People v. Hernandez

Appeal by the defendant from a judgment of the Supreme Court, Queens County (Buchter, J.), rendered March 23, 2001, convicting him of murder in the second degree and criminal possession of a weapon in the fourth degree, upon a jury verdict, and imposing sentence.

Ordered that the judgment is affirmed.

The Supreme Court providently exercised its discretion in denying the defendant’s requests for a mistrial. The decision whether to grant a request for a mistrial rests within the sound discretion of the trial court (see People v Ortiz, 54 NY2d 288, 292 [1981]), which is in the best position to determine if it is necessary to protect the defendant’s right to a fair trial (see People v Cooper, 173 AD2d 551, 552 [1991]). Specifically, the defense counsel objected before the police officer could testify regarding certain evidence ruled inadmissible, thus, no mistrial was warranted on that basis. Further, although one of the People’s witnesses testified that the defendant was armed with a baseball bat because he was going to a gang fight, the Supreme Court struck the testimony, gave an immediate curative instruction, and, upon the defendant’s motion for a mistrial, gave further curative instructions (see People v Joyner, 295 AD2d 625 [2002], lv denied 98 NY2d 730 [2002]). Under the circumstances, the motion was properly denied.

The defendant’s contention that prosecutorial misconduct *480during summation constituted reversible error is largely unpreserved for appellate review (see CPL 470.05 [2]). In any event, the prosecutor’s comments were fair comment on the evidence, fair response to the defense counsel’s arguments upon summation (see People v Galloway, 54 NY2d 396 [1981]; People v Ashwal, 39 NY2d 105 [1976]), or do not require reversal (see People v Roopchand, 107 AD2d 35 [1985], affd 65 NY2d 837 [1985]).

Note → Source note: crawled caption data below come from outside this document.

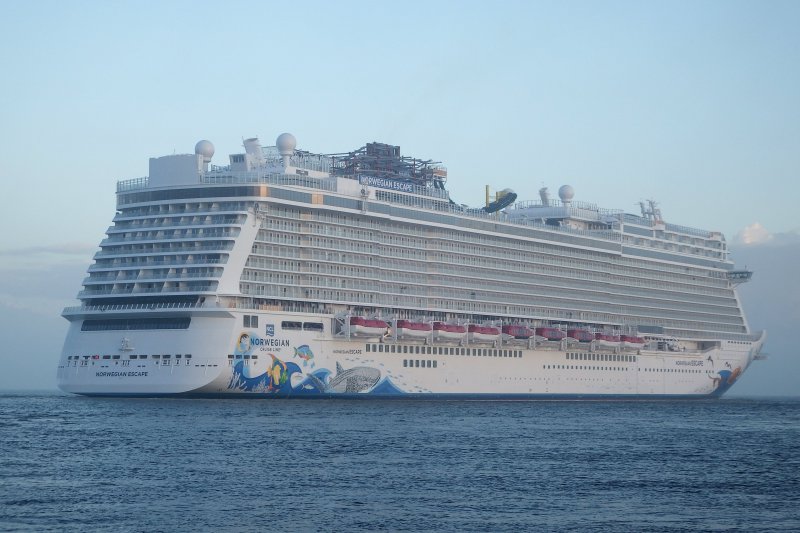 NORWEGIAN ESCAPE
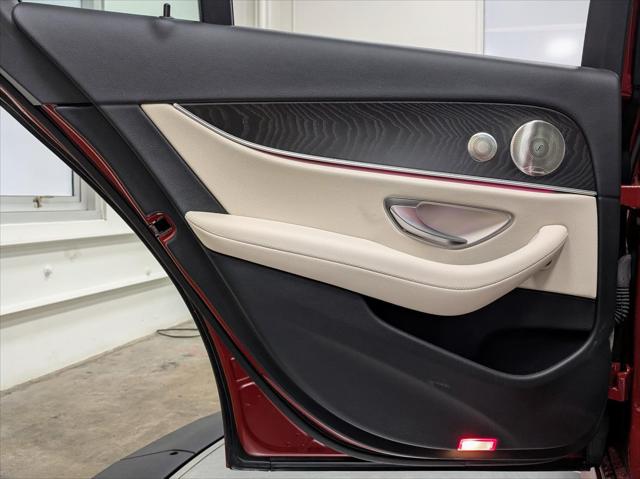 2023 Mercedes-Benz E 350 4MATIC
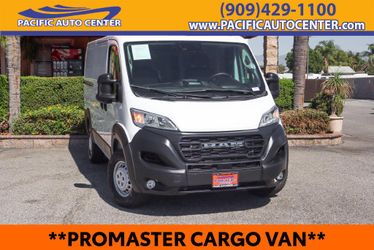 2025 RAM ProMaster 2500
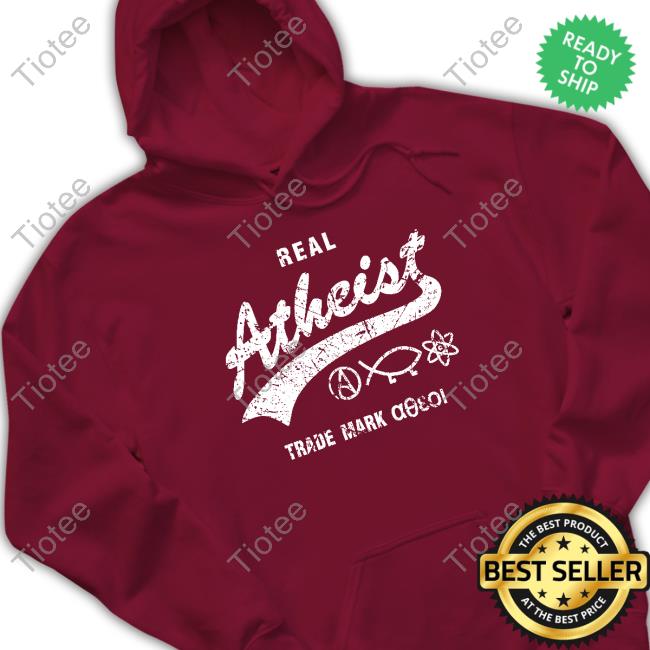 Official Real Atheist T Shirts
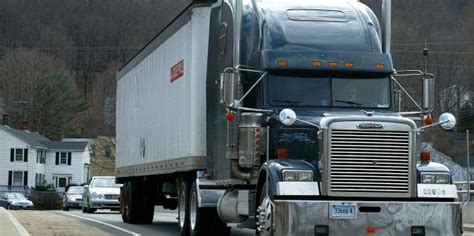 Nine Tips For Sharing The Road Safely With Semi Trucks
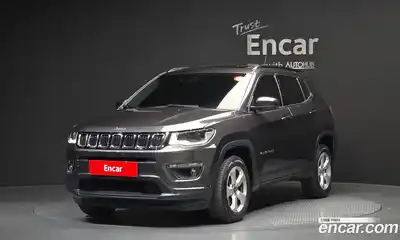 Jeep Compass, 2018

Finally, the defendant’s contention that he was denied a fair trial because the Supreme Court did not give an interested-witness charge is without merit. The charge as a whole, which included the instruction that the jury could consider the bias or prejudice of any witness in assessing credibility, was sufficient under the circumstances of this case (see People v Inniss, 83 NY2d 653, 659 [1994]; People v McDuffie, 288 AD2d 238 [2001]; People v Cruz, 262 AD2d 579 [1999]). Santucci, J.P., Luciano, Schmidt and Skelos, JJ., concur.